(Source data)
· · · ·
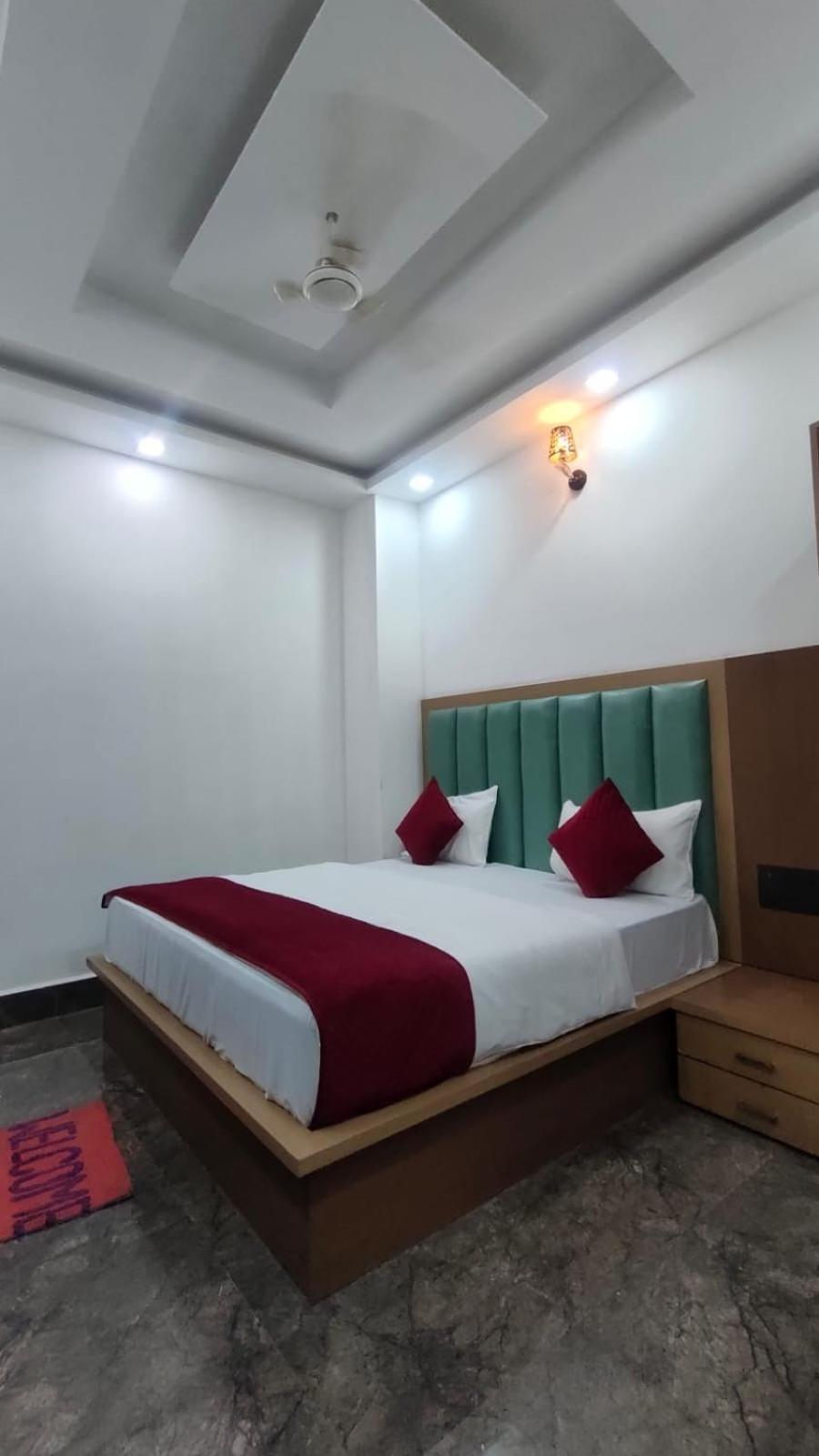 Hotel Golden Door Matura Exterior foto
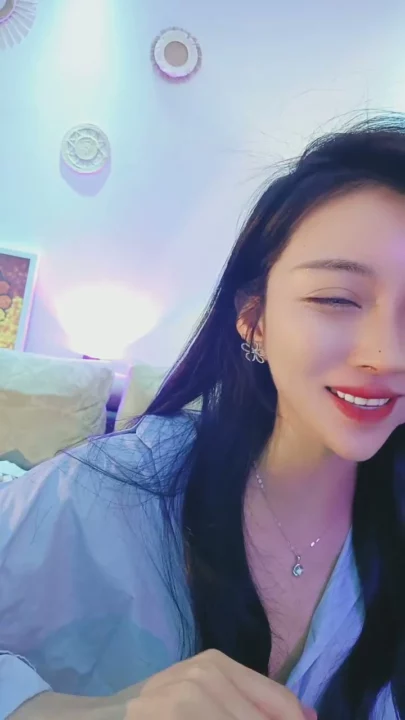 Screenshot 5 from Chinese Livestream Amateur Face-Shown Selfie — Petite Beauty in Sheer Shirt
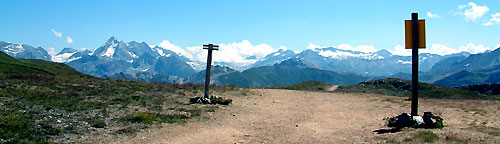 Depuis le col du Palet, vue sur les sommets de la frontire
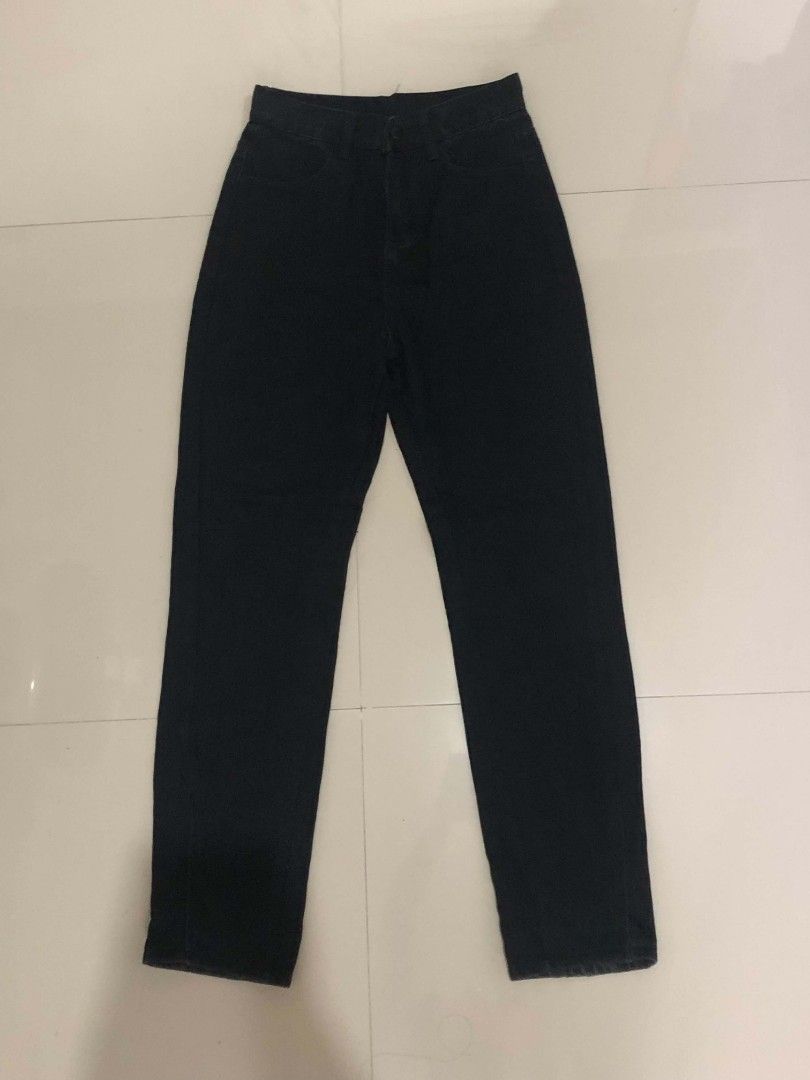 Black High Waisted Straight Leg Jeans (Category: Jeans) located in Santa Cruz. Submitted by heynzie (Listing ID 1460808045, Image 1). Description: Size 25 but can also have a snug fit if 26 - Classic black jeans - High-waisted fit - Straight leg cut - Versatile and perfect for everyday wear - Easy to pair with any top - A wardrobe essential.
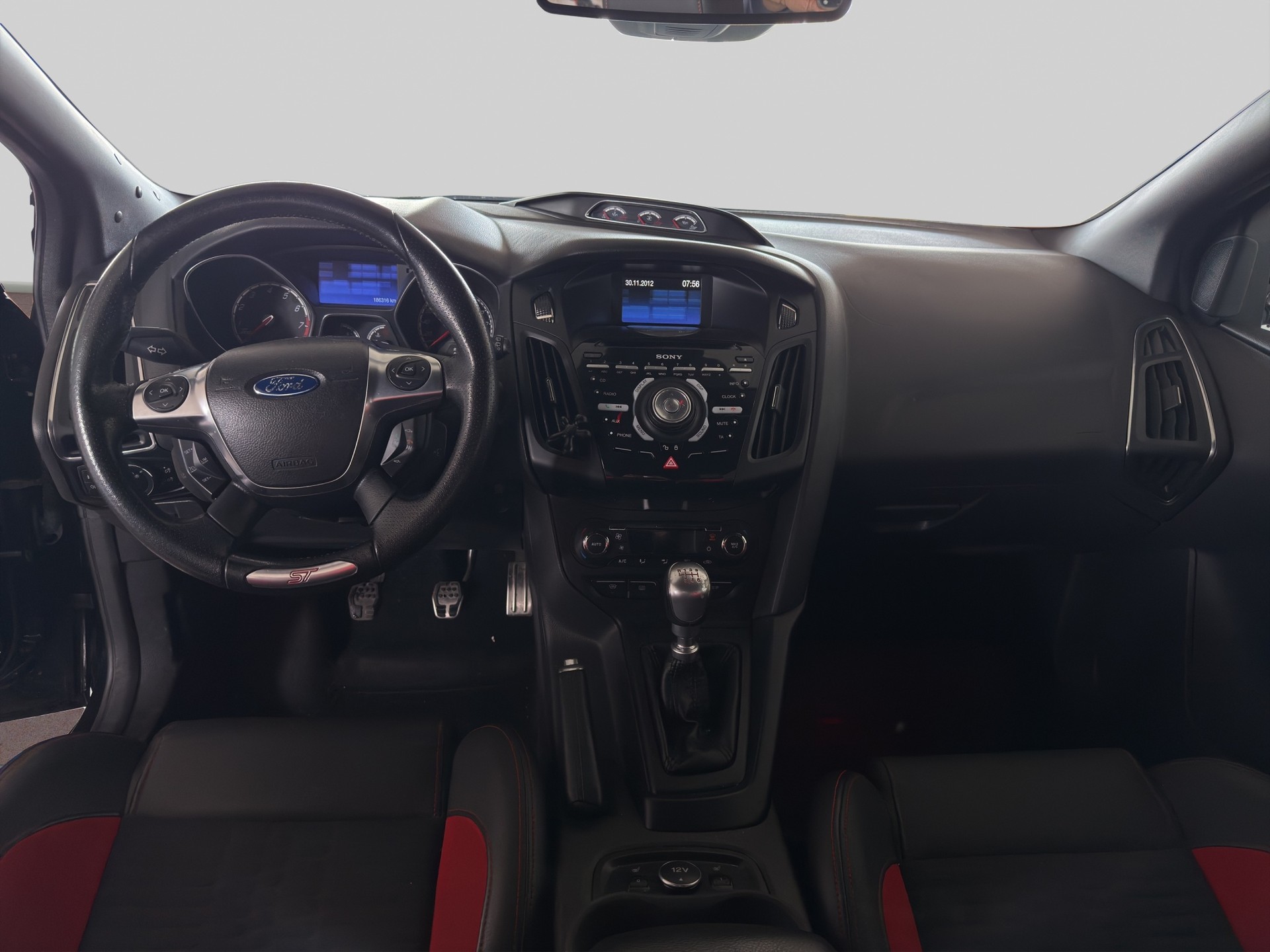 FORD Focus 2.0 SCTi ST-2-image-5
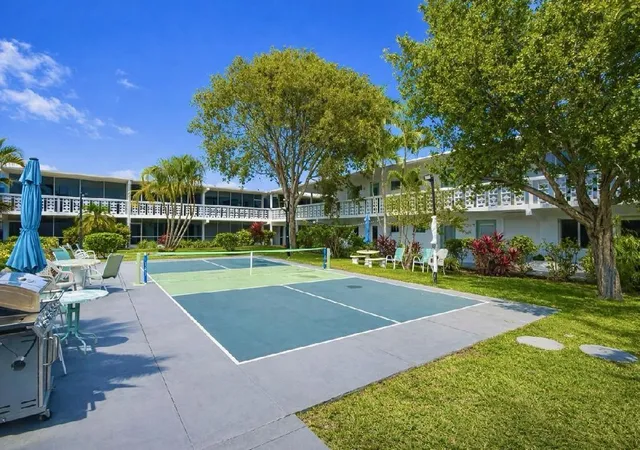 2nd image of 2161 Ne 42Nd Ct, Lighthouse Point, FL 33064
· · · ·
* _Task to complete_: Output each line of the records exactly. Any picture is skipped.

* _Exercise result_:
 Hotel Golden Door Matura Exterior foto
 Screenshot 5 from Chinese Livestream Amateur Face-Shown Selfie — Petite Beauty in Sheer Shirt
 Depuis le col du Palet, vue sur les sommets de la frontire
 Black High Waisted Straight Leg Jeans (Category: Jeans) located in Santa Cruz. Submitted by heynzie (Listing ID 1460808045, Image 1). Description: Size 25 but can also have a snug fit if 26 - Classic black jeans - High-waisted fit - Straight leg cut - Versatile and perfect for everyday wear - Easy to pair with any top - A wardrobe essential.
 FORD Focus 2.0 SCTi ST-2-image-5
 2nd image of 2161 Ne 42Nd Ct, Lighthouse Point, FL 33064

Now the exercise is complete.